*INFORMATION SHOWN:*

---+---

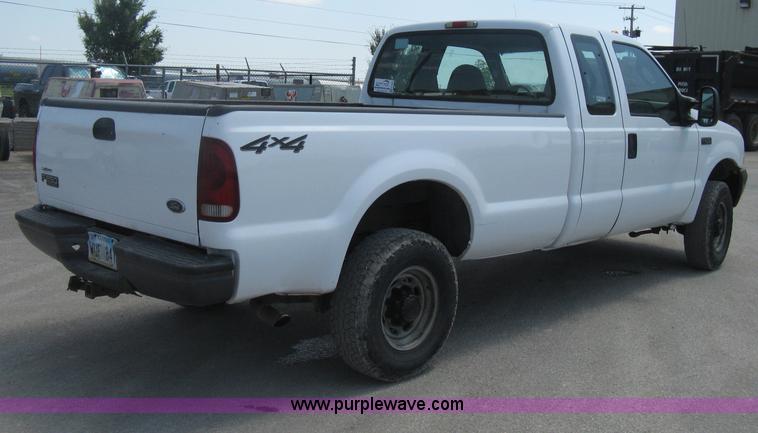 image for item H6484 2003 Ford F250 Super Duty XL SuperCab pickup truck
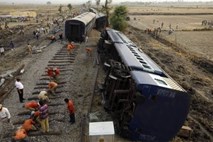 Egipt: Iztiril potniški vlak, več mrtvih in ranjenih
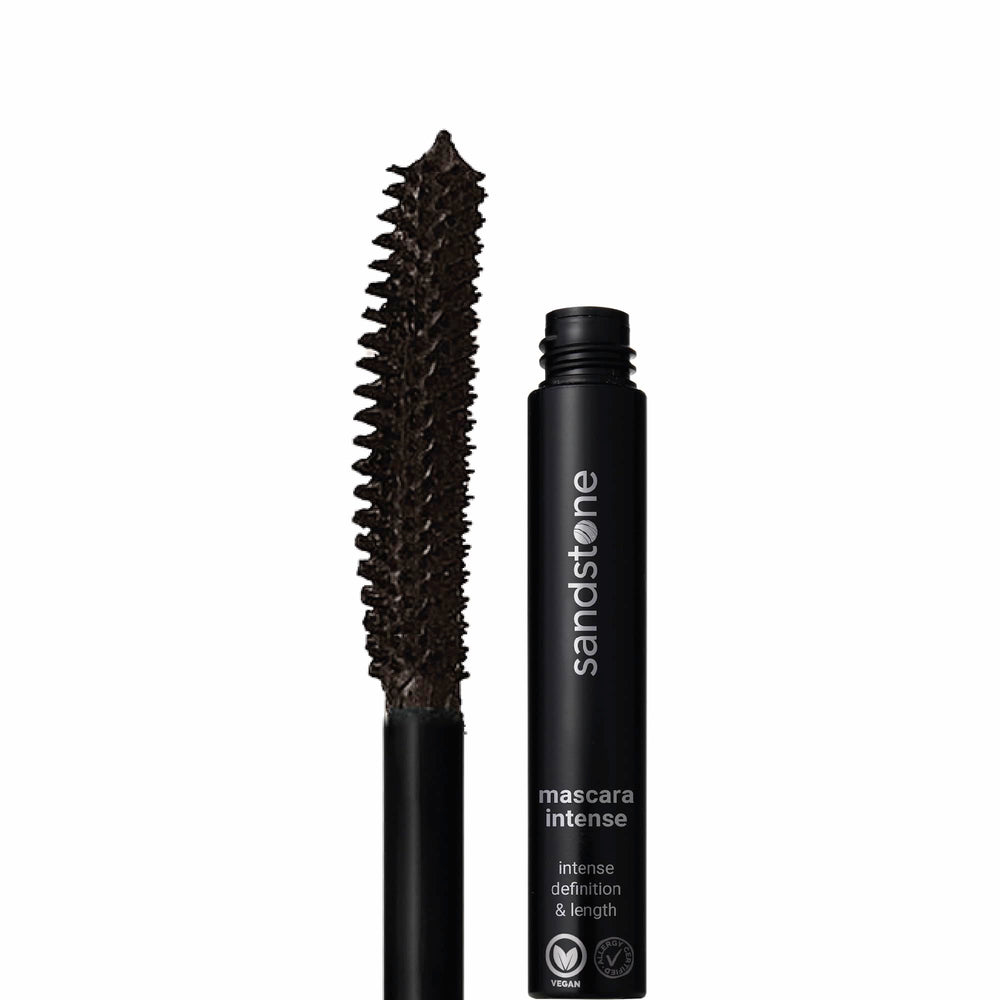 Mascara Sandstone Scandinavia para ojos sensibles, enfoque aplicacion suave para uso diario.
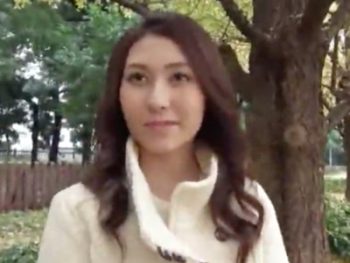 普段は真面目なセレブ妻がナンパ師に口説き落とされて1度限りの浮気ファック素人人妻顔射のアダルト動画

---+---

*DESCRIPTION OF THE TASK:* In the reply, every line of the material above is to be reproduced verbatim, and the images are to be left out.

*THE COMPLETED TASK:*
 image for item H6484 2003 Ford F250 Super Duty XL SuperCab pickup truck
 Egipt: Iztiril potniški vlak, več mrtvih in ranjenih
 Mascara Sandstone Scandinavia para ojos sensibles, enfoque aplicacion suave para uso diario.
 普段は真面目なセレブ妻がナンパ師に口説き落とされて1度限りの浮気ファック素人人妻顔射のアダルト動画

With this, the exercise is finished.